Every agent company (Cursor, Devin, Claude Code, custom enterprise agents) is building bespoke solutions for context retrieval, session state, multi-agent coordination, and versioning. They’re all solving the same underlying problem differently and badly. That’s the infrastructure opportunity.

Why Now

The shift to filesystem agents is happening faster than anyone expected.

  1. Explosion of capable agents. Claude Code, Codex CLI, Goose, Aider, Cline, OpenCode—a new filesystem agent launches every week. These aren’t experiments. Millions of developers use them daily.
  2. Agents are becoming the default. Junior developers learn with agents. Senior developers delegate to agents. The question isn’t “will you use agents” but “how many are you running?”
  3. Multi-agent is already here. Teams run multiple agents in parallel on the same codebase. Git wasn’t built for this. Neither was anything else.
  4. Incumbents can’t adapt. GitHub, Notion, Linear are bolting on AI features. But they can’t rebuild their data layers. The architecture is wrong.
  5. Infrastructure is the bottleneck. The models are good enough. What’s missing is the layer that lets agents collaborate—with each other and with humans.

Business Model

Two segments, both usage-based

End users (teams). Replace collaboration stack. Tiered subscriptions with usage-based pricing for agent compute. Free tier to start, paid tiers scale with team size and agent usage.
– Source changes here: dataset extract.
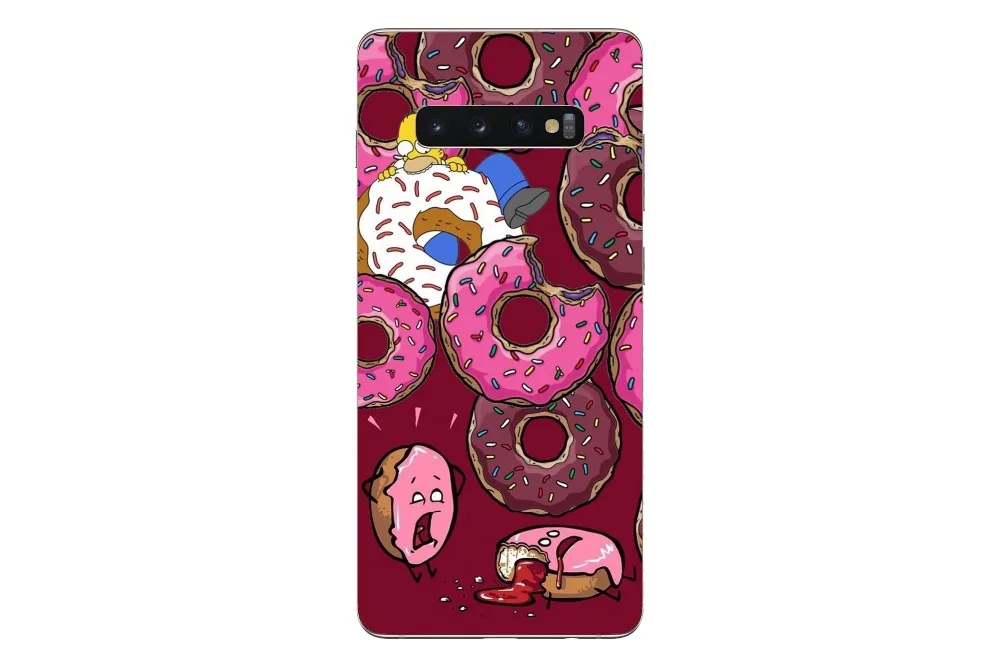 Симпсон ест пончик Мягкий силиконовый чехол для телефона samsung Galaxy M10 M20 S10E S10 S9 S8 S7 S6 Plus Edge Note9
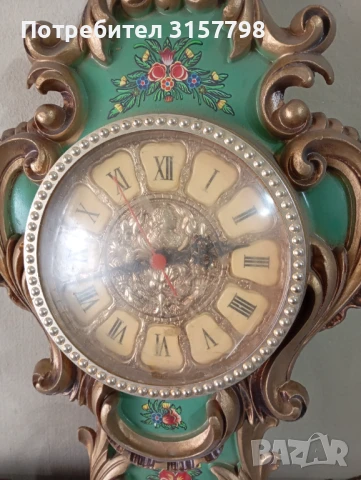 Стенен часовник в бароков стил, снимка 3 - Антикварни и старинни предмети - 50453885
Developers (agent builders). Infrastructure pricing. Companies building on Mod pay for storage, sync operations, branch operations, inference. Pricing scales with their products.

Lock-in dynamics

Once agents depend on our data layer, switching costs are enormous. Every agent workflow, every piece of accumulated context, every integration—locked in. This is the database/Snowflake playbook applied to agent infrastructure.

Defensibility

  1. Data layer lock-in. Once you’re the collaboration layer, you control where agent work happens, how it’s versioned, the substrate everything runs on.
  2. Network effects. More users means more shared workspaces. More developers means more tools built on the platform. The ecosystem compounds.
  3. Technical moat. We’re building novel primitives: CRDT-based versioning for agent workflows, semantic storage, session-aware branching. This isn’t a wrapper.
  4. Ecosystem position. Agent builders integrate us. Their products depend on our infrastructure. We become the standard data layer.